The board’s independence and ability to restrain Musk have been frequently called into question. Several board members have close ties to Musk either through family or business. Board members include his brother Kimbal Musk, a restaurateur and Tesla investor, and Antonio Gracias, a long-time investor who also sits on the boards of Musk’s companies Solar City and SpaceX.

CNBC notes that under the company’s agreement with the SEC, Musk’s close friend and confidant Robyn Denholm was appointed to the position of chairman of Tesla’s board:

But it is unclear how much power she [Denholm] actually has over Musk, Kelley Blue Book editor Matt DeLorenzo said Tuesday on CNBC’s “Power Lunch.”

“There was this agreement to bring in Robyn Denholm as the chairman, and the real question here is: Is that window dressing? I mean the question is, “Who is sort of Elon’s boss and how is this issue going to be addressed?'” DeLorenzo said.

After the SEC’s filed its most recent complaint, Musk took to twitter again to criticize the agency, saying “Something is broken with SEC oversight.”

Even with the new additions, Musk seems to control the board, including who is appointed and removed, Elson said. Any attempt to rein him in results potentially in their replacement.

“And they value, I guess, being on the board more than acting as normal board members would in such a situation,” Elson said. “In most companies, they would be gone.”
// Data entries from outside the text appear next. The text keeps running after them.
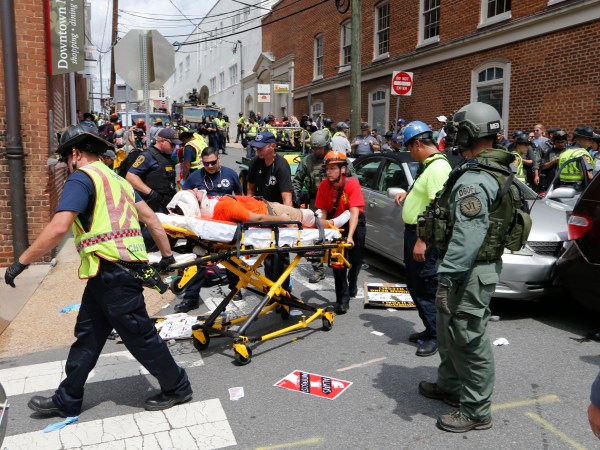 Rescue personnel help injured people after a car ran into a large group of protesters after an Alt Right rally in Charlottesville, Va., Saturday, Aug. 12, 2017.  (AP Photo/Steve Helber)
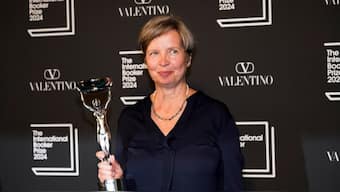 Jenny Erpenbeck, author of 'Kairos', holds the trophy after winning the International Booker Prize, in London, Tuesday, May 21, 2024.- AP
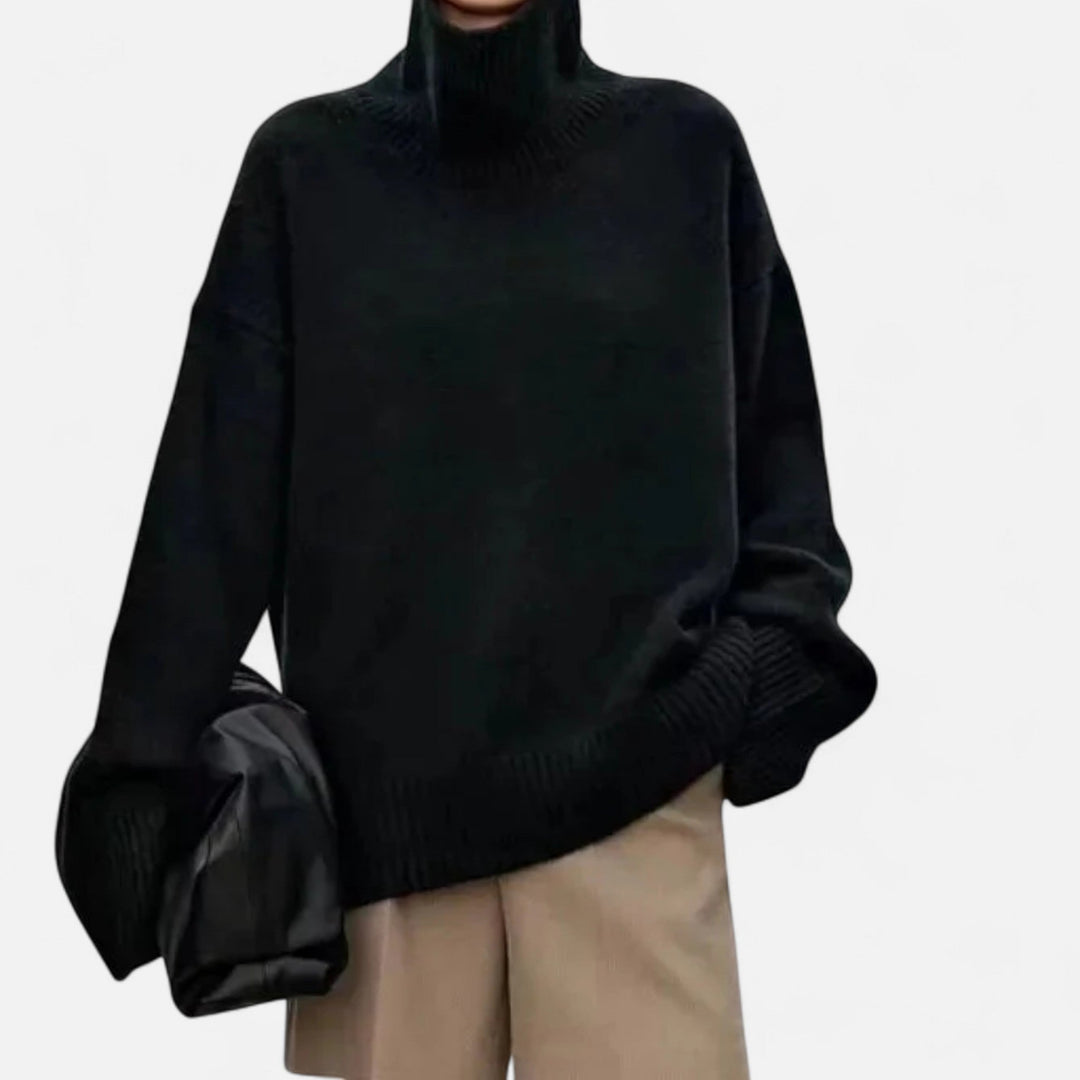 Grey women's turtleneck sweater. Cozy, elegant long sleeve knit top perfect for classic winter fashion.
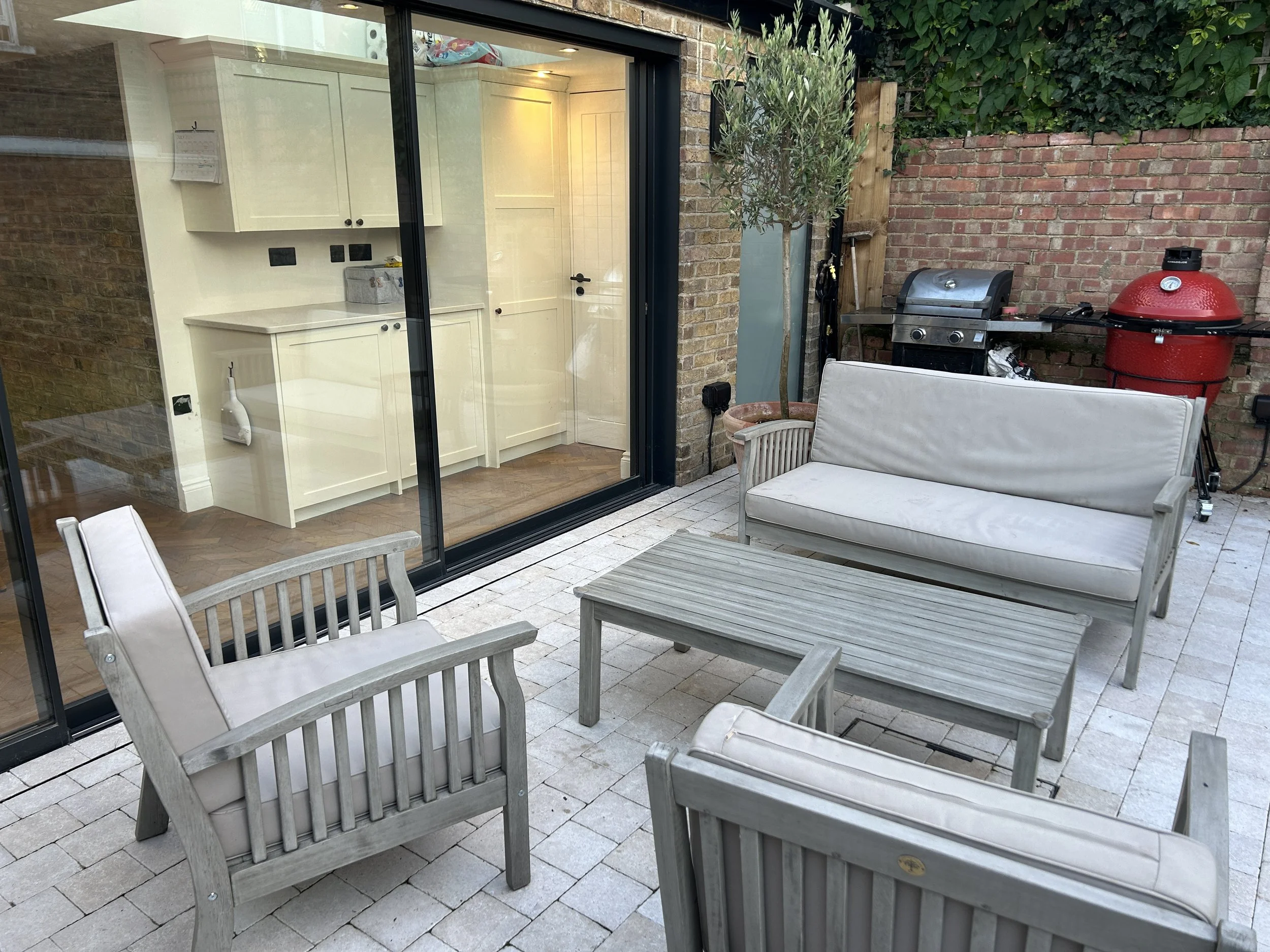 The utility room in the L of the wrap around extension really utilises the space well.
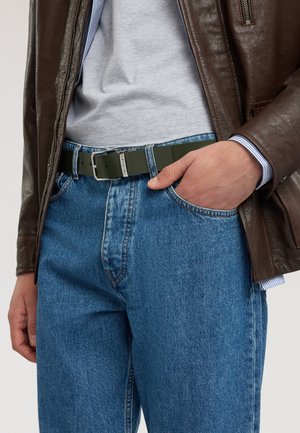 Man wearing blue jeans, gray shirt, brown leather jacket, and green belt with silver buckle, hand in jeans pocket.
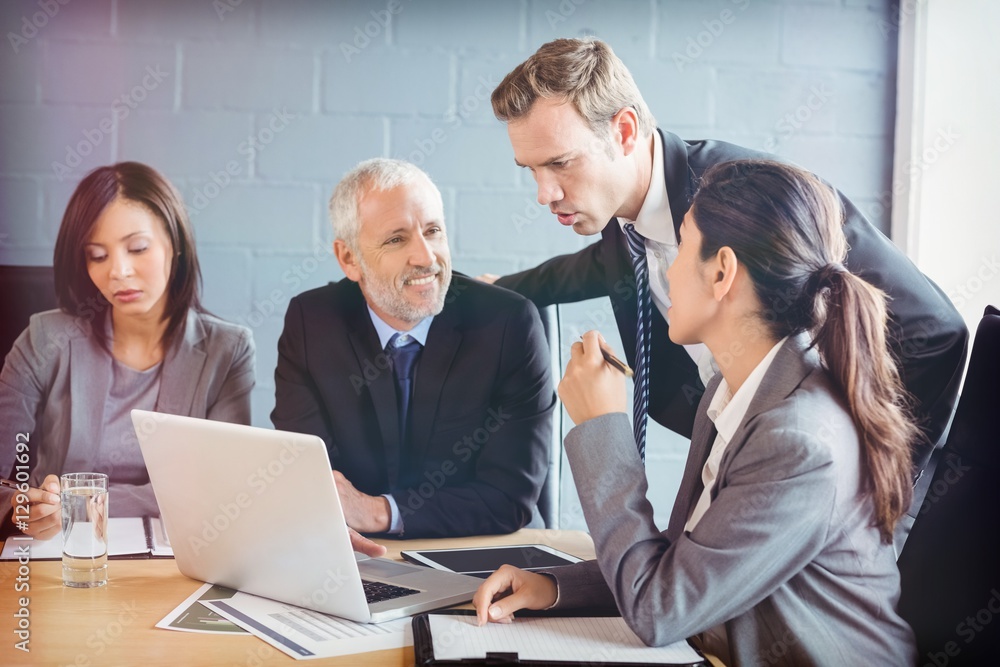 Businesspeople interacting in conference room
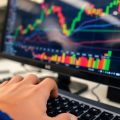 Mână pe tastatură, monitor cu grafice financiare.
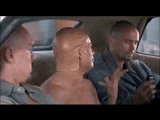 three bald men are sitting in the back seat of a car looking at a cell phone .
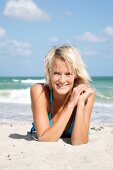 Portrait of beautiful blonde woman wearing blue bikini lying on beach, smiling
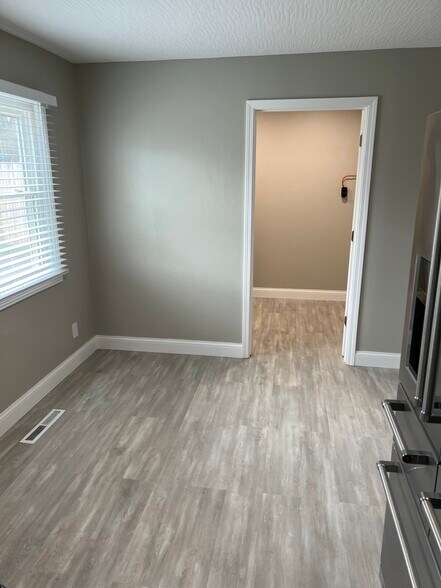 Kitchen into laundry - 4571 Moraine Ave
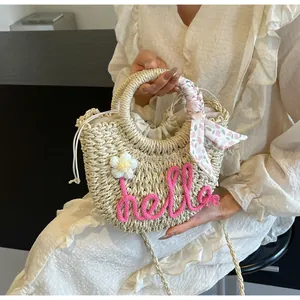 Detail of crescent straw bag with pink hello embroidery and floral scarf handle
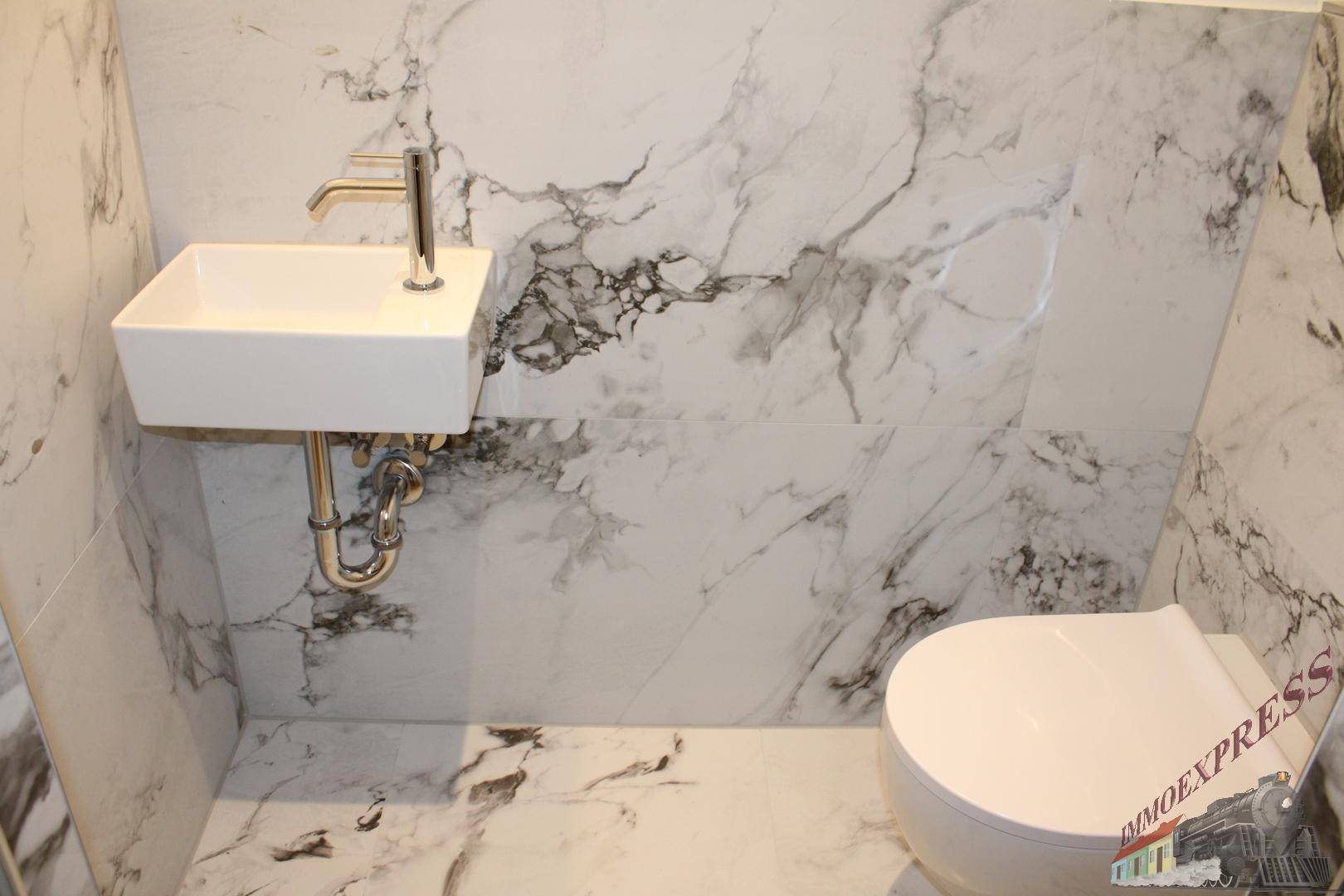 Elegantes Gäste-WC mit Marmorfliesen, wandhängendem WC und modernem Waschbecken.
CNBC notes that when asked in a previous interview about Tesla’s plans to monitor his tweets, Musk stated that the company may make mistakes in doing so:

In its complaint, the SEC cited an interview Musk gave with CBS’ “60 Minutes” in December when he said the company doesn’t need to review his tweets.

Asked how the company would know if he is planning to send a potentially stock-moving tweet without being able to read it, Musk told the news show, “Well, I guess we might make mistakes. Who knows?”